WHAT IS NEEDED:
Without the images, print every line of the material below exactly as given.

DATA:
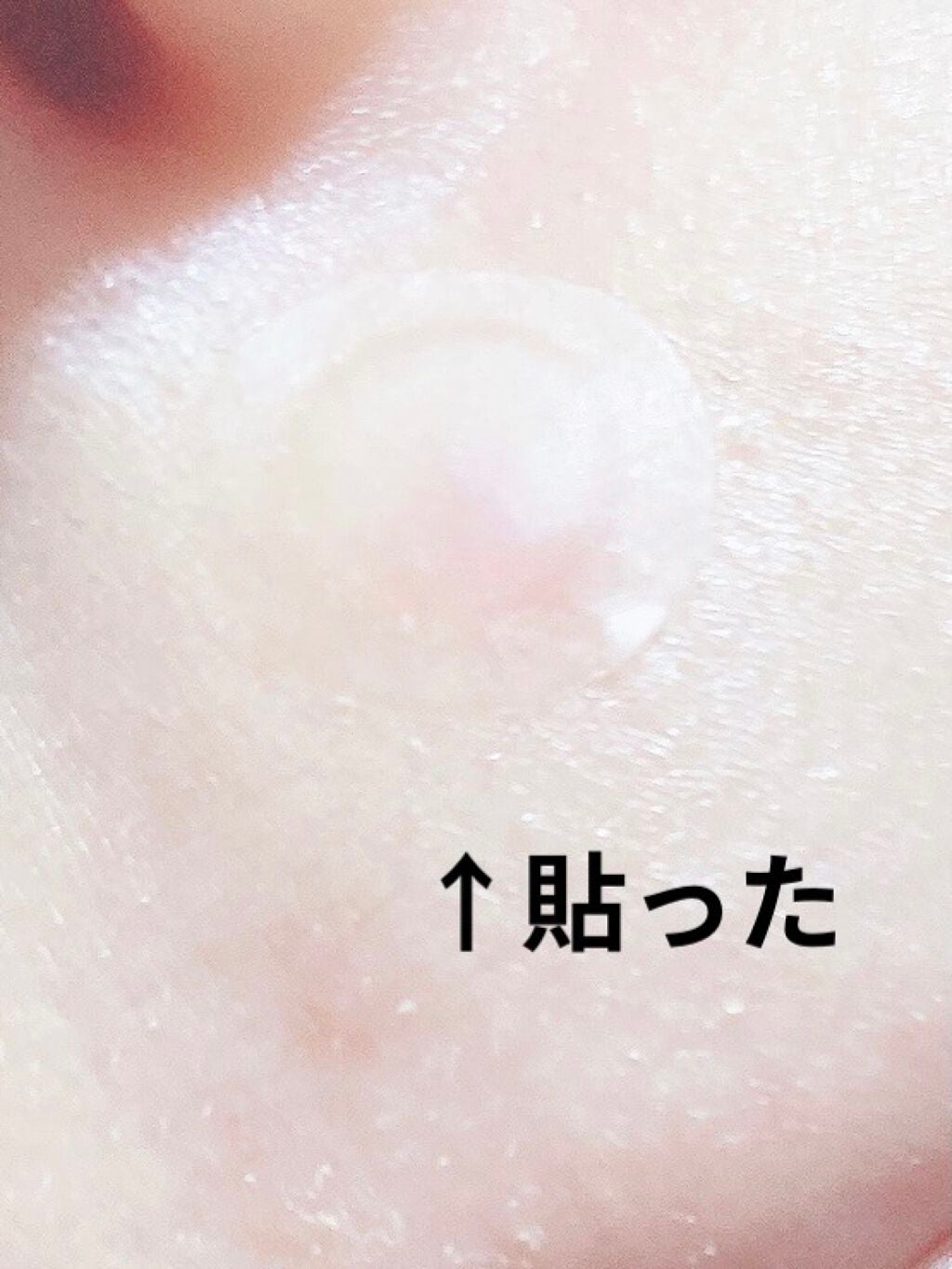 あげぱん on LIPS 「こんばんは!OKクリアパッチ<コンシーラーパッチ>を使用させて..」(7枚目)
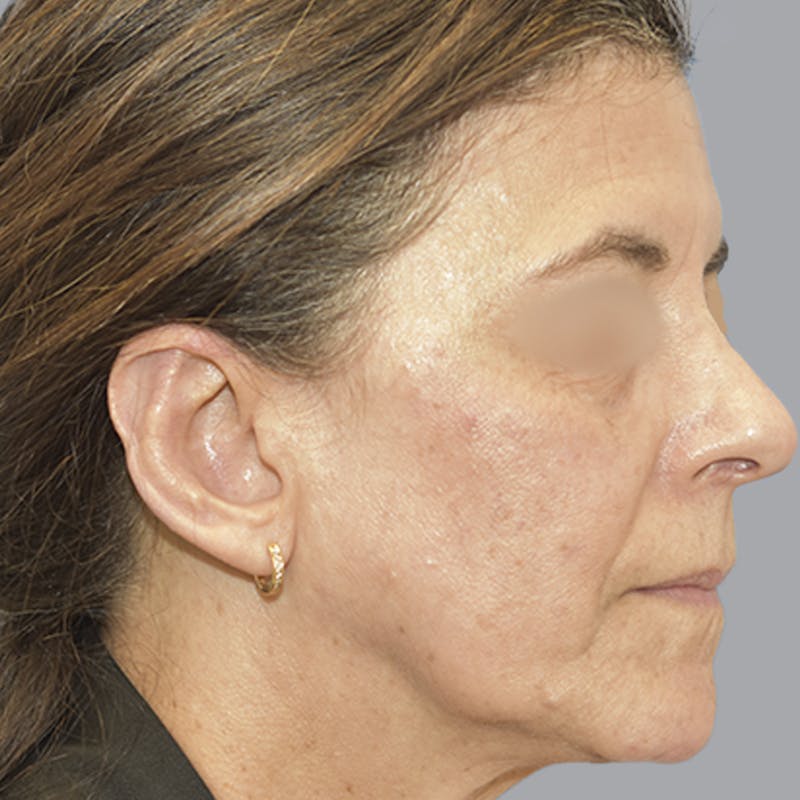 Otoplasty Before & After Gallery - Patient 651701 - Image 8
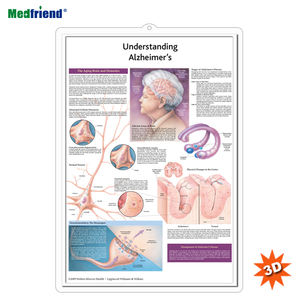 3D Medical Human Anatomical Wall Chart/Poster-Compreendendo a doença de <span class=keywords><strong>Alzheimer</strong></span> Anatomical Chart - Product Image 1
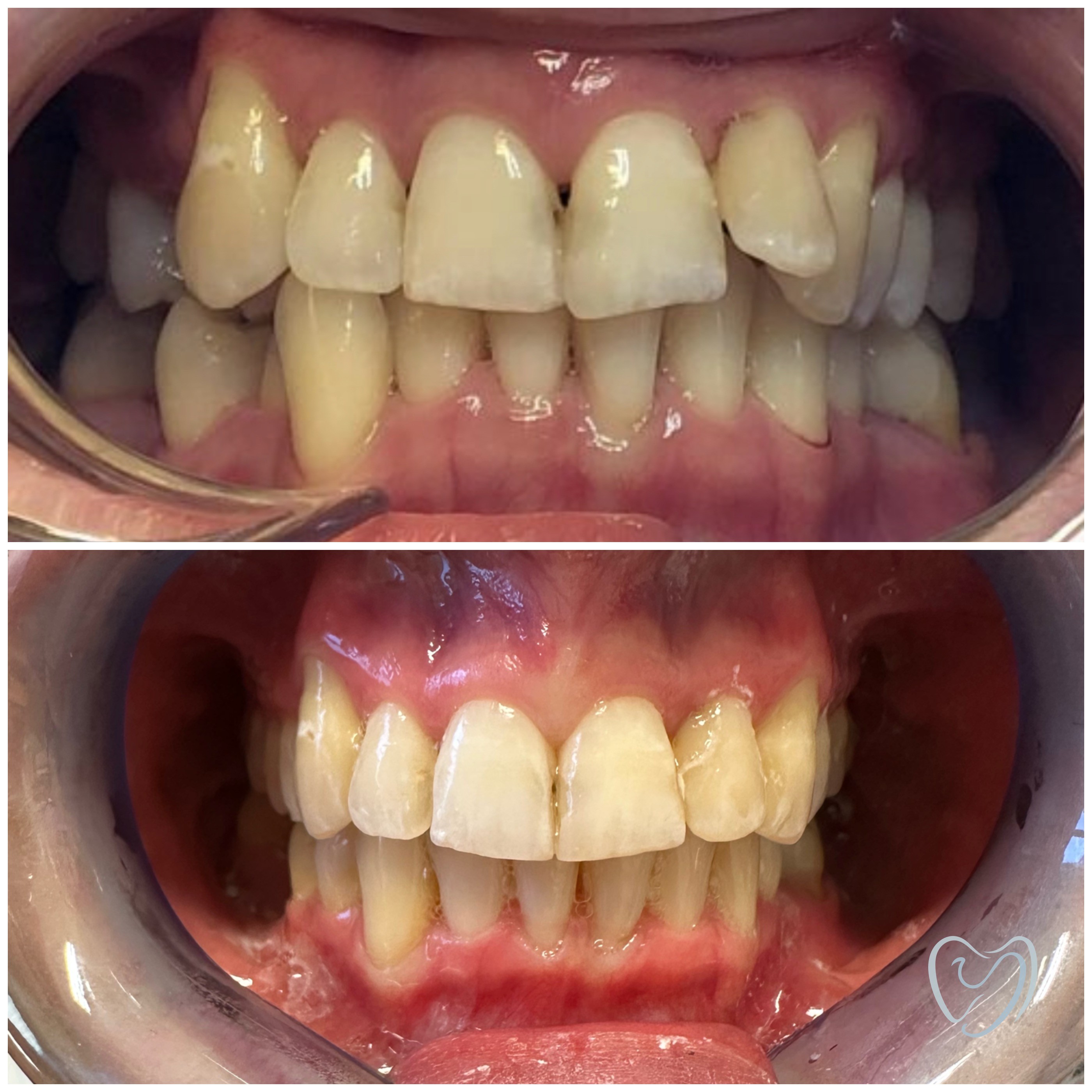 Invisalign4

EXERCISE OUTPUT:
 あげぱん on LIPS 「こんばんは!OKクリアパッチ<コンシーラーパッチ>を使用させて..」(7枚目)
 Otoplasty Before & After Gallery - Patient 651701 - Image 8
 3D Medical Human Anatomical Wall Chart/Poster-Compreendendo a doença de <span class=keywords><strong>Alzheimer</strong></span> Anatomical Chart - Product Image 1
 Invisalign4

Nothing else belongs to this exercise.